Leaving out the images, please reproduce each line below exactly.

Collected material —
____

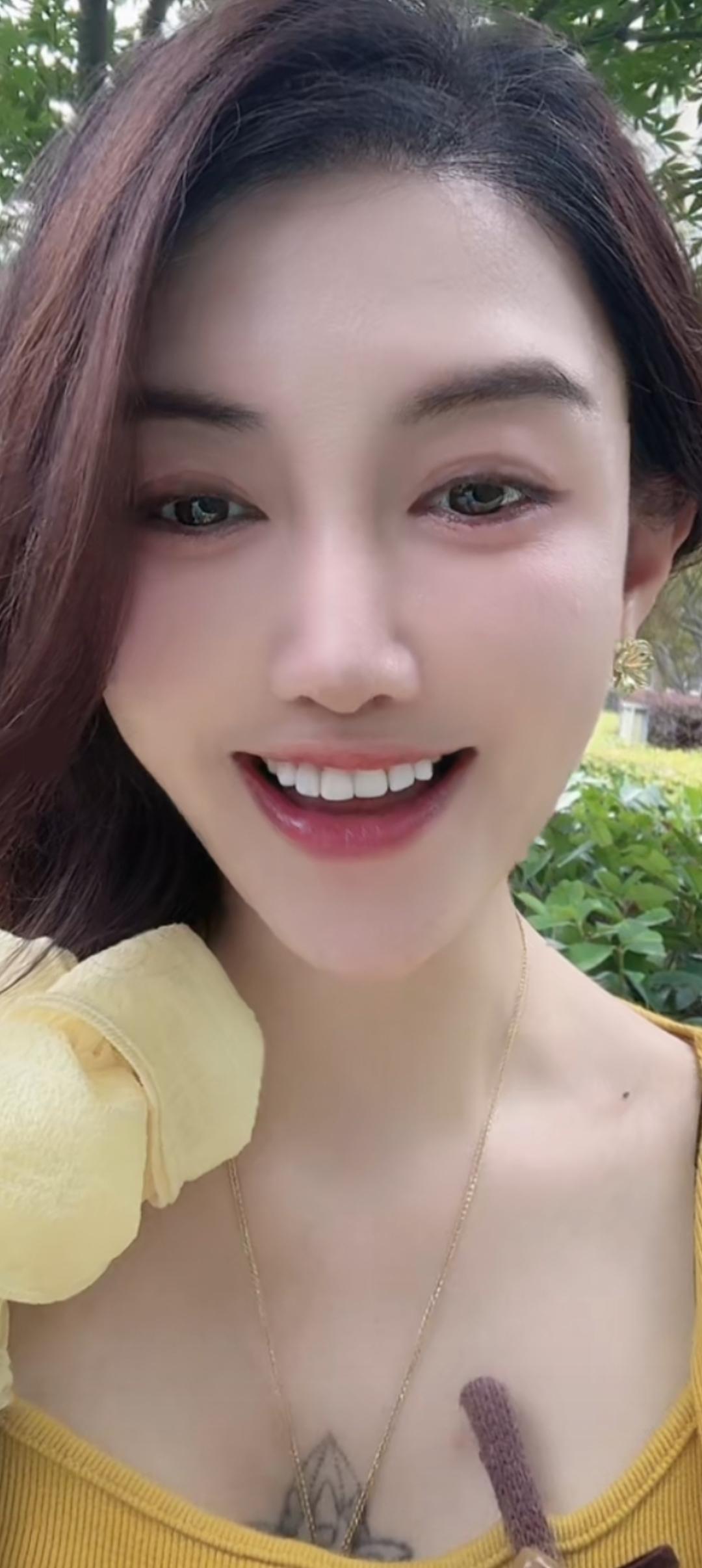 笑容灿烂，穿着黄色上衣，背景是绿树。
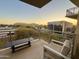 Comfortable patio area offering scenic views of the surrounding community at sunset at 2211 E Camelback Rd # 306, Phoenix, AZ 85016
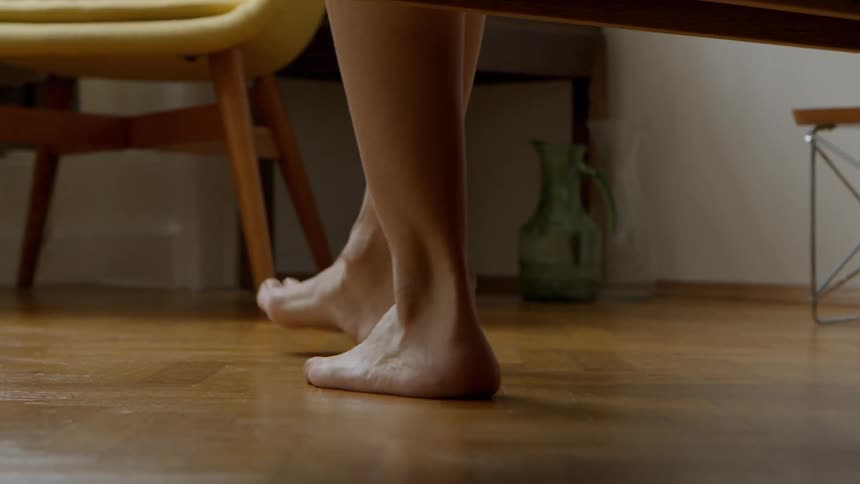 A person lowers their feet to the ground and begins walking on a wooden floor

____

Result of this exercise —
 笑容灿烂，穿着黄色上衣，背景是绿树。
 Comfortable patio area offering scenic views of the surrounding community at sunset at 2211 E Camelback Rd # 306, Phoenix, AZ 85016
 A person lowers their feet to the ground and begins walking on a wooden floor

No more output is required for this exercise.